§ Task requirements
From the data that follows, set down exactly the lines from the one with "The Family of" through the one with "GOLD FILLED 14KT", counting both. Pictures stay out.

§ Data to use
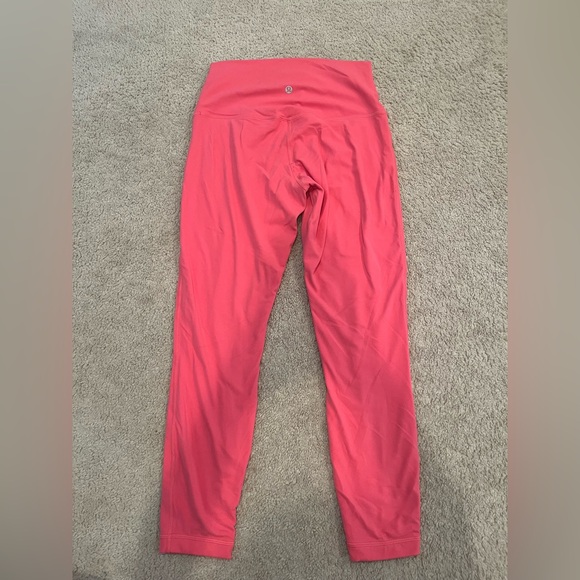 Lululemon align, leggings, color, hot pink size 6 - Picture 2 of 2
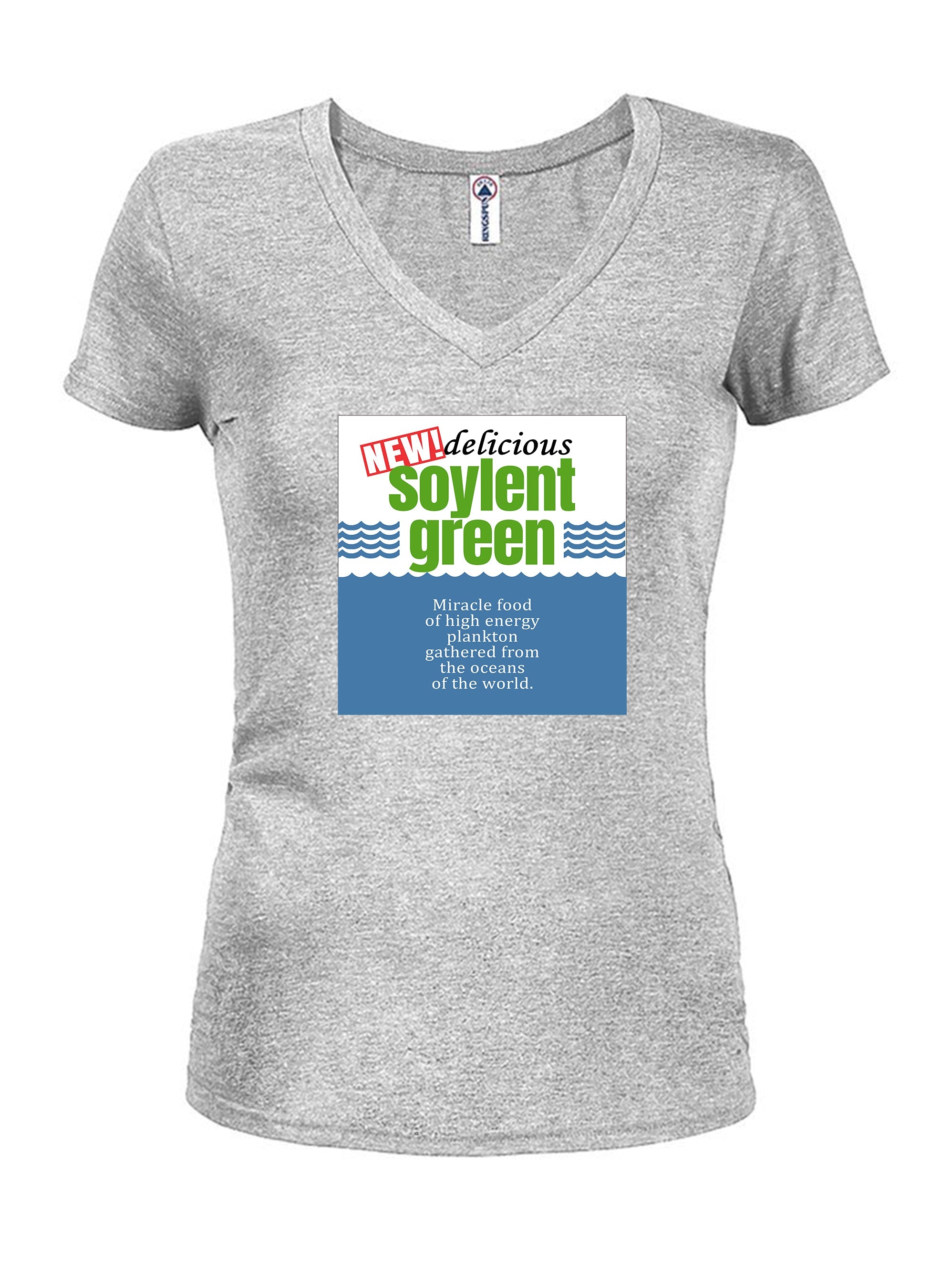 Miracle Food Juniors V Neck T-Shirt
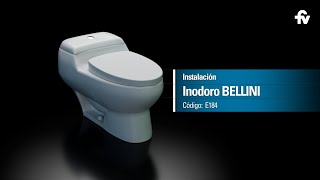 Instalación Inodoro BELLINI  FV [upl. by Hartley207]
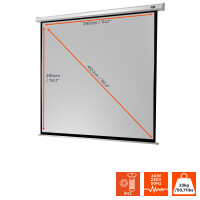 celexon Leinwand Motor Economy 300 x 300 cm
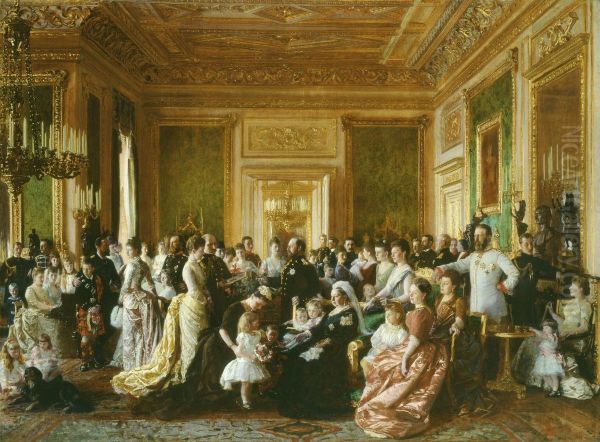 The Family of Queen Victoria in 1887 - view 1
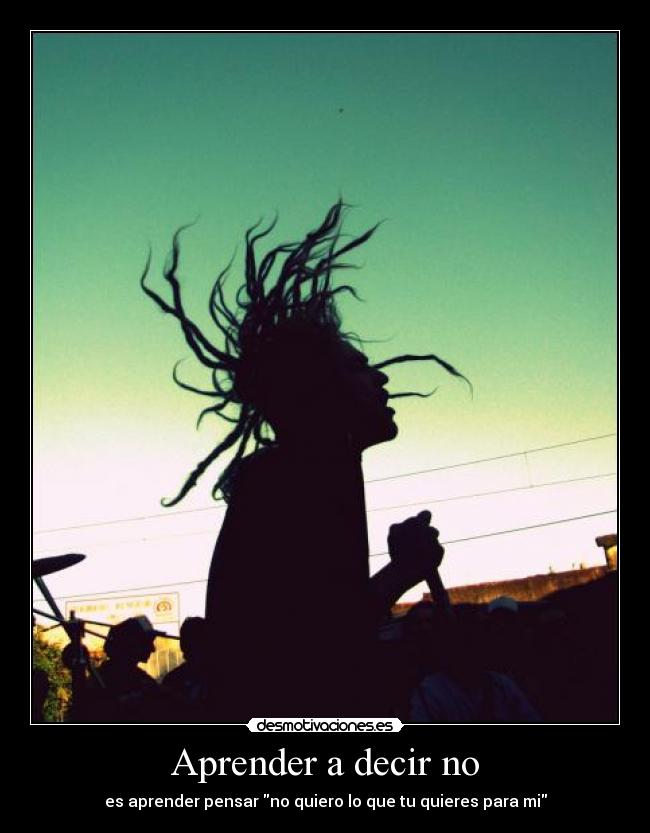 Aprender a decir no - 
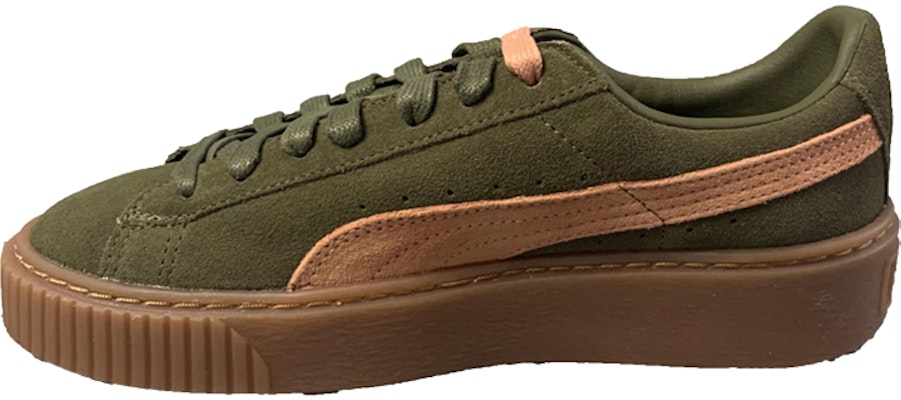 (Women) Puma Suede Platform 'Green Pink' 364718-08 Buy (Women) Puma Suede Platform 'Green Pink' 364718-08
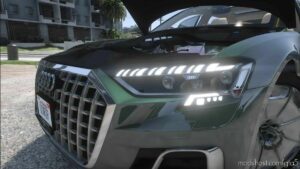 GTA 5 Audi Vehicle Mod: 2022 Audi A8 L Horch Add-On (Image #4)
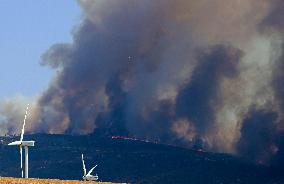 Preventive Evictions During Wildfires in Tarifa - Spain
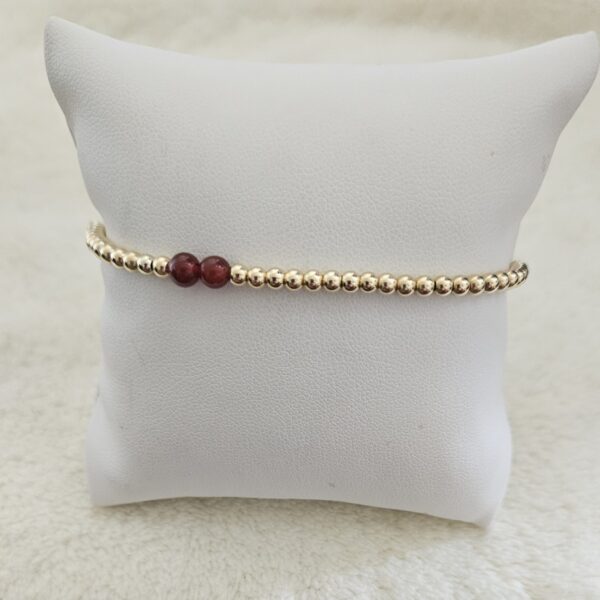 Agaat bordeauxrood  GOLD FILLED 14KT  LUXURY  3mm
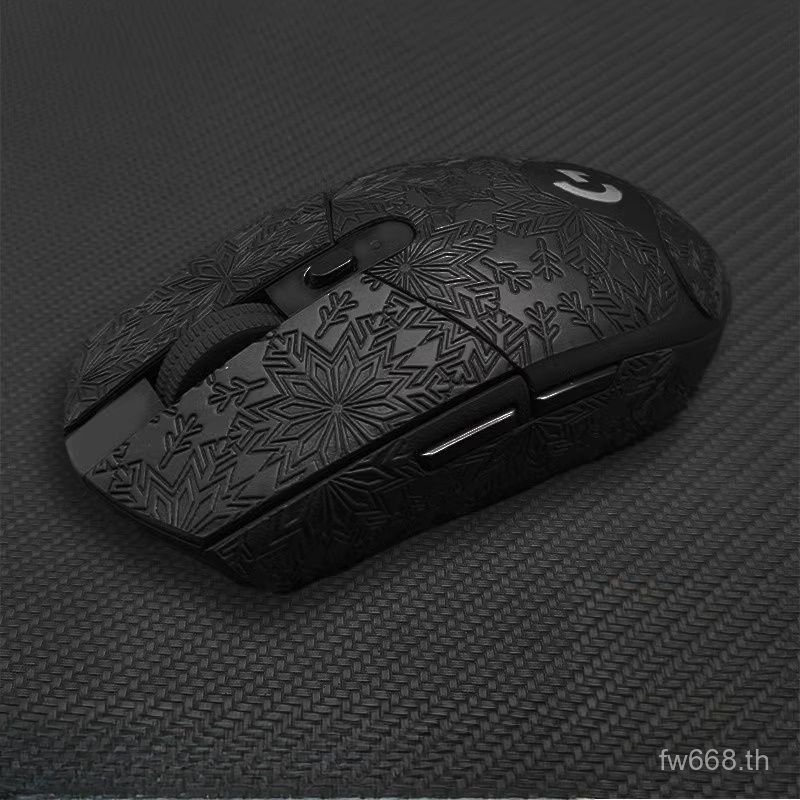 สติกเกอร์กันลื่นเมาส์ G304/G102 ยอดนิยมเหมาะสําหรับ Logitech Snow Pattern Ultra-Thin ดูดซับเหงื่อ Swe
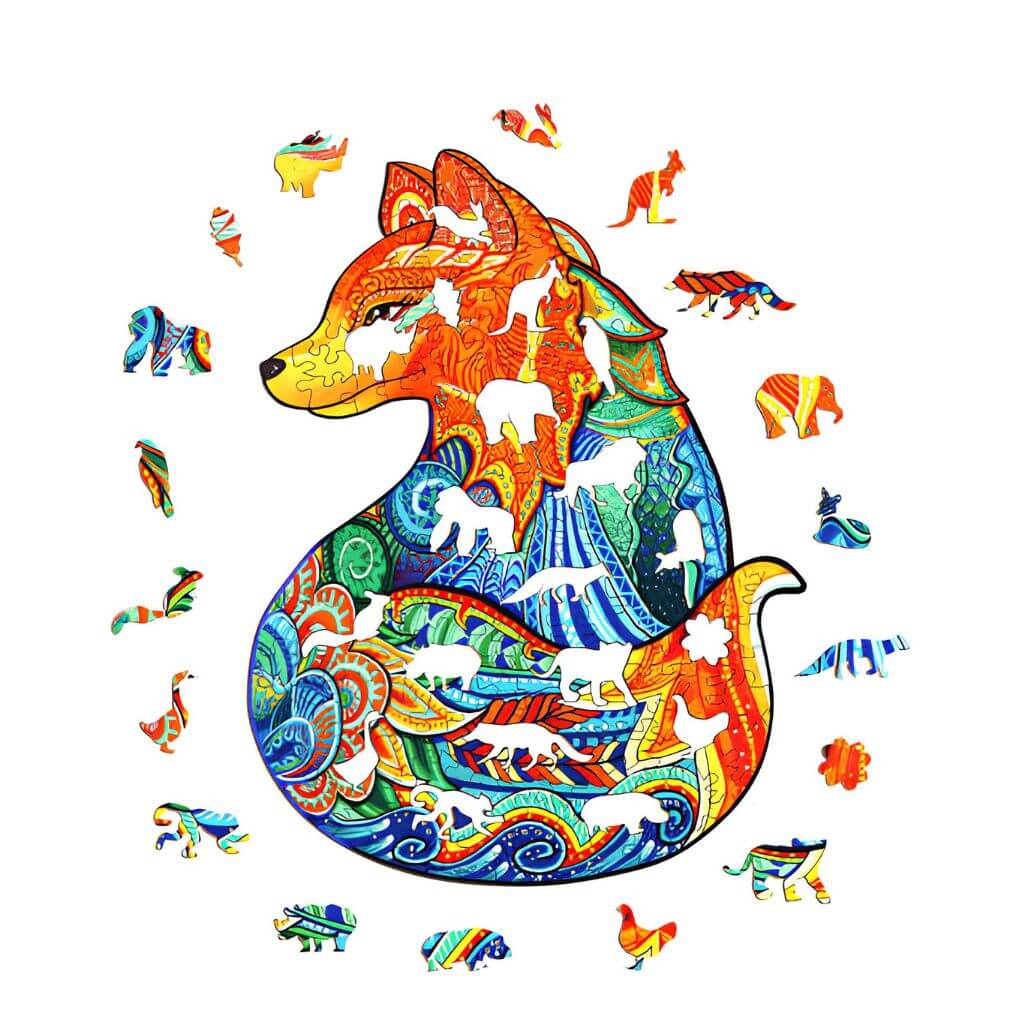 Wooden Jigsaw Puzzle - Fox 263 pcs - Image 3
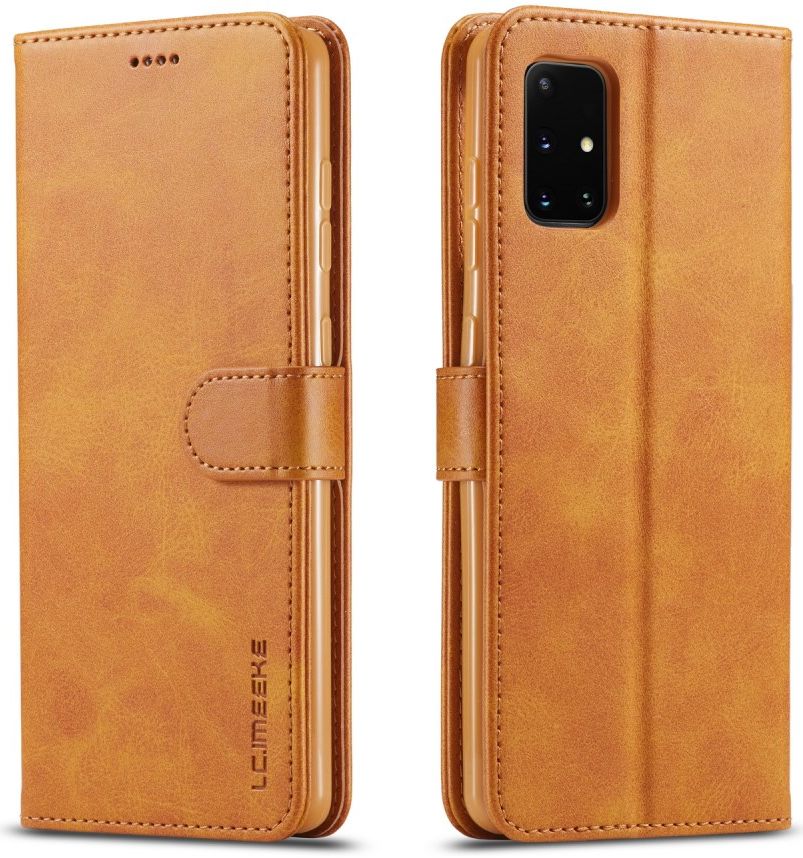 LC.IMEEKE Samsung Galaxy A31 Hoesje Wallet Book Case Lichtbruin afbeelding 3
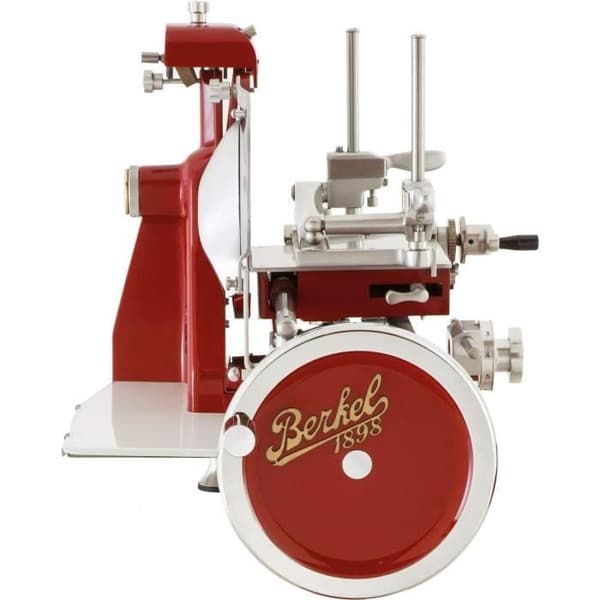 Berkel - Ratt B2 - Röd Berkel med gulddekor - Komplett ratt + rött skärlock + skinktång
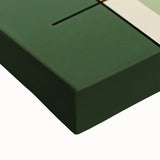 Modern Dining Room Art – Geometric Orange & Green Wall Print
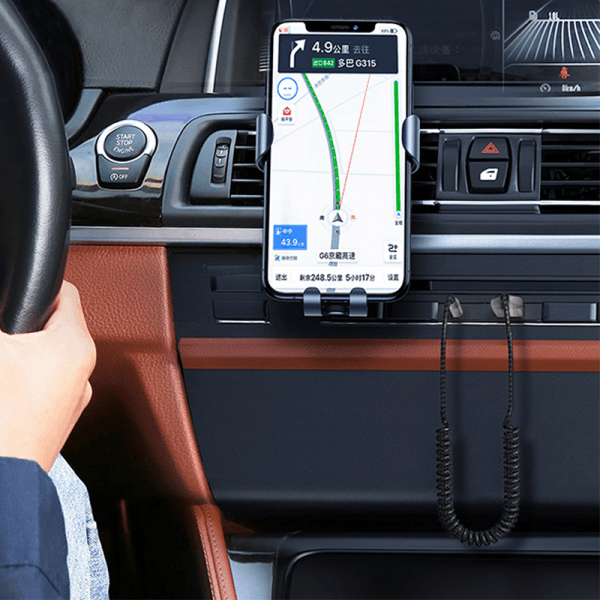 كابل صوت لاسلكي للسيارة من WIWU مزود بميكروفون مدمج - أسود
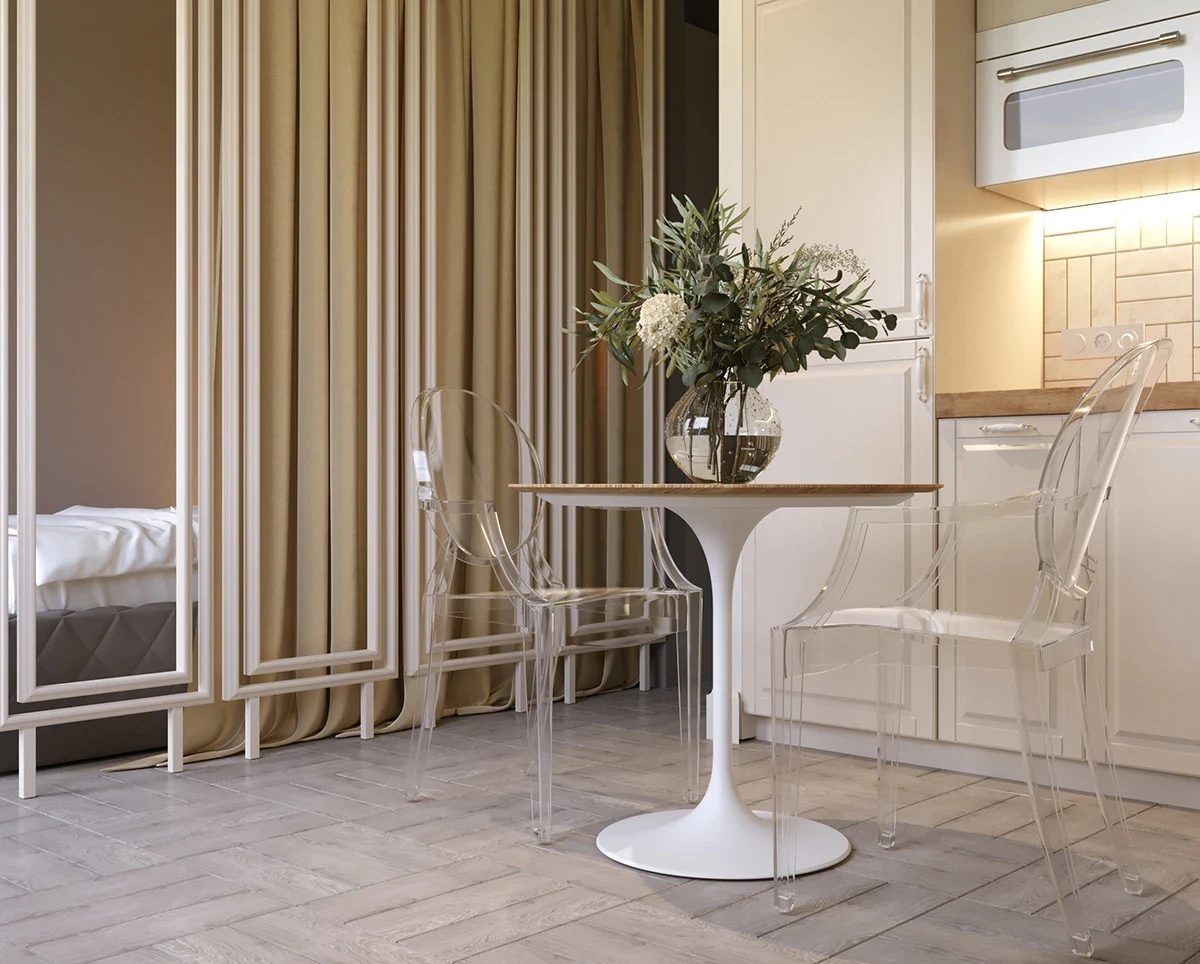 Studio apartment interior design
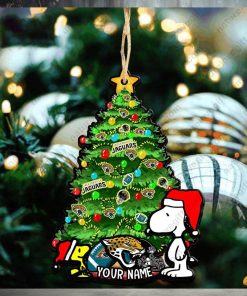 Jacksonville Jaguars Snoopy Peanuts Custom Christmas Ornament Xmas Tree Decorations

§ Final answer
 The Family of Queen Victoria in 1887 - view 1
 Aprender a decir no - 
 (Women) Puma Suede Platform 'Green Pink' 364718-08 Buy (Women) Puma Suede Platform 'Green Pink' 364718-08
 GTA 5 Audi Vehicle Mod: 2022 Audi A8 L Horch Add-On (Image #4)
 Preventive Evictions During Wildfires in Tarifa - Spain
 Agaat bordeauxrood  GOLD FILLED 14KT  LUXURY  3mm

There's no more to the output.